Paper No. 20-8
Presentation Time: 3:15 PM
ADAPTING GROUNDWATER MODEL BOUNDARY CONDITIONS FOR COLD REGIONS (Invited Presentation)
LAMONTAGNE, Pierrick1, CHEN, Lin2, KURYLYK, Barret L.3 and MCKENZIE, Jeffrey M.1, (1)Earth and Planetary Sciences, McGill University, Montreal, QC H3A 0E8, Canada, (2)Centre d’études nordiques and Département de géographie, Université de Montréal, Montreal, QC H3C 3J7, Canada, (3)Department of Civil and Resource Engineering and Centre for Water Resources Studies, Dalhousie University, Halifax, NS B3J 1B6, Canada
Numerical groundwater models have been used for many decades to understand subsurface hydrology and to simulate future and current groundwater dynamics. However, most of these models are not adapted to cold regions. In these environments, the storage and movement of groundwater is affected by permafrost that confines groundwater flow to unfrozen zones of the ground. Permafrost thaw can greatly increase subsurface hydraulic conductivity and hydrological connectivity between aquifers and surface water bodies. New groundwater modelling tools that simulate groundwater flow and energy transport, including freezing and thawing processes, have recently been developed to better understand the impacts of climate change and permafrost thaw on northern hydrology. To date, these models have only been used by a few research groups and have not been widely used for managing cold regions groundwater resources.

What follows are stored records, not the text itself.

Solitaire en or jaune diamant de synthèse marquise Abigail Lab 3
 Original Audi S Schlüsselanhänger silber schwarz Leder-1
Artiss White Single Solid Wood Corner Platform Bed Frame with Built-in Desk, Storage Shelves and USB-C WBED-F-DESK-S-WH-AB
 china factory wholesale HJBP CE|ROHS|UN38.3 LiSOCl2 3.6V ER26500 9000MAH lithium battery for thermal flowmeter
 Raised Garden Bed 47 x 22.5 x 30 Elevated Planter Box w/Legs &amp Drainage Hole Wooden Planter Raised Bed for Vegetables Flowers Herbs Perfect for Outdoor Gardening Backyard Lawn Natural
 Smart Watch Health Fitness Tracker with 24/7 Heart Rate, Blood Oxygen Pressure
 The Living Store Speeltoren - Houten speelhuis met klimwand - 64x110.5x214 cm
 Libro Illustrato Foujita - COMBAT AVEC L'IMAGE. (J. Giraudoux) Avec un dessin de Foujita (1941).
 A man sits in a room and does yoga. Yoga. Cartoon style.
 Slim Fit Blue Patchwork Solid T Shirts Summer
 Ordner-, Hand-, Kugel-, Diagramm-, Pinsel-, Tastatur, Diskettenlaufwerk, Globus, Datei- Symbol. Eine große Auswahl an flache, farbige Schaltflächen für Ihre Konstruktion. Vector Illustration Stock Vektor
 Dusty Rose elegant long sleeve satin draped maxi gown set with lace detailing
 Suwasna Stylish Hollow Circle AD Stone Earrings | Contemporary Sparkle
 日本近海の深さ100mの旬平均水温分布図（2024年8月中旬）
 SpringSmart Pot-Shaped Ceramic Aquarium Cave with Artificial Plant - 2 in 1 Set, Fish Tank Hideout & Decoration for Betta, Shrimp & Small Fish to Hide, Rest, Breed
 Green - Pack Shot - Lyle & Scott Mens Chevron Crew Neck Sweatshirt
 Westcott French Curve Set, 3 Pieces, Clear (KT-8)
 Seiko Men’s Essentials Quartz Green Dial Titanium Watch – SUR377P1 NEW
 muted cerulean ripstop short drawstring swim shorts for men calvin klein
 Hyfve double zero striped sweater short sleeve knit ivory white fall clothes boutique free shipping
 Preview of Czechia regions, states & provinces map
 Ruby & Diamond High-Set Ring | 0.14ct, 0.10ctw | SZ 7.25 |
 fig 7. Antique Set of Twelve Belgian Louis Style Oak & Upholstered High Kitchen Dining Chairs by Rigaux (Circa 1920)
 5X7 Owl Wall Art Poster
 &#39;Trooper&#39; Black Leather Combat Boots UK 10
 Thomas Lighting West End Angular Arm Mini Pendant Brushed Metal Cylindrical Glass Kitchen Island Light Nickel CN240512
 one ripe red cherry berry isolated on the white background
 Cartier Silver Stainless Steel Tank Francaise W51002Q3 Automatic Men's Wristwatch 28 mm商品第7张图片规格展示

Compared to groundwater models that only simulate groundwater flow, these cold regions models are difficult to calibrate and replicate field data. One of the biggest challenges is to design land-surface boundary conditions. Processes such as snow insulation, snowmelt, and seasonal freezing and limited applicable field data make the accurate representation of this boundary challenging. Herein, we apply different sets of thermal and hydraulic surface boundary conditions adapted for cold regions to assess their impact on model outcomes, such as active layer thickness, permafrost thawing rate, and spatial and seasonal patterns groundwater discharge rate to the land surface. We test and compare the sensitivity of model outcomes to these boundary conditions in different settings. From these analyses, we evaluate the boundary conditions that exert the largest influence on model outcomes and provide recommendations for which boundary conditions to use depending on the setting. This study provides guidelines to develop effective conceptual and numerical groundwater models in cold regions.